EXERCISE — Please copy out all lines of the entries that contain the word "Black".

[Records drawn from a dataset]
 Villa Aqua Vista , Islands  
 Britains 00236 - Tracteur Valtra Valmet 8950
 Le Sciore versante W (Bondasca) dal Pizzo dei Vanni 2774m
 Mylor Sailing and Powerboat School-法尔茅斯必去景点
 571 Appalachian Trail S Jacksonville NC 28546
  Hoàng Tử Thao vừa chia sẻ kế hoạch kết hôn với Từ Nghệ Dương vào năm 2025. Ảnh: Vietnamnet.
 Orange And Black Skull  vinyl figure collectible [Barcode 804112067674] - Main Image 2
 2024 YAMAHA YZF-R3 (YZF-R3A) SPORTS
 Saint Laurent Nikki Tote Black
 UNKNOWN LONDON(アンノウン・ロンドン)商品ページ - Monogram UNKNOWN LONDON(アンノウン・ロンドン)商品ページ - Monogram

SOLUTION FOR THIS PROBLEM —
 Orange And Black Skull  vinyl figure collectible [Barcode 804112067674] - Main Image 2
 Saint Laurent Nikki Tote Black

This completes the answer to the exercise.